F-Stack / f-stack

F-Stack is an user space network development kit with high performance based on DPDK, FreeBSD TCP/IP stack and coroutine API.
http://www.f-stack.org
Other
3.87k stars 899 forks source link

F-stack's performance is worse than regular posix API #758

Open NDani23 opened 1 year ago

NDani23 commented 1 year ago

Hi F-stack team!

I'm experimenting with f-stack for a few weeks now. I wrote a simple program that uses F-stack to generate as much traffic as possible. I wanted to compare f-stack's performance with the reguler posix socket API, so i wrote a kinda identical server-client program that uses regular posix sockets (with epoll).
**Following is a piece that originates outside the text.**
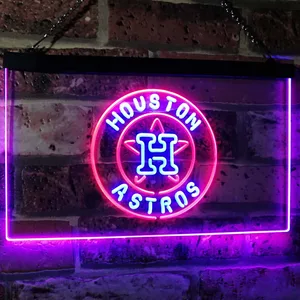 Houston Astros Logo 1 Neon-Like LED Sign - Legacy Edition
When running both client and server with f-stack, ff_traffic in the server side shows that i receive data with 350-400 Mb/s . However, with the regular posix API, i measured around 450-500 Mb/s (I used bmon for measuring).

Could you please help me find out what am I doing wrong? I'm a beginner in this field so I would be grateful for every advice.

I used 2 oracle ubuntu VM-s for testing with Intel PRO/1000 MT Desktop (82540EM) adapter. Because of this, i could only run both F-stack client and server with only 1 core.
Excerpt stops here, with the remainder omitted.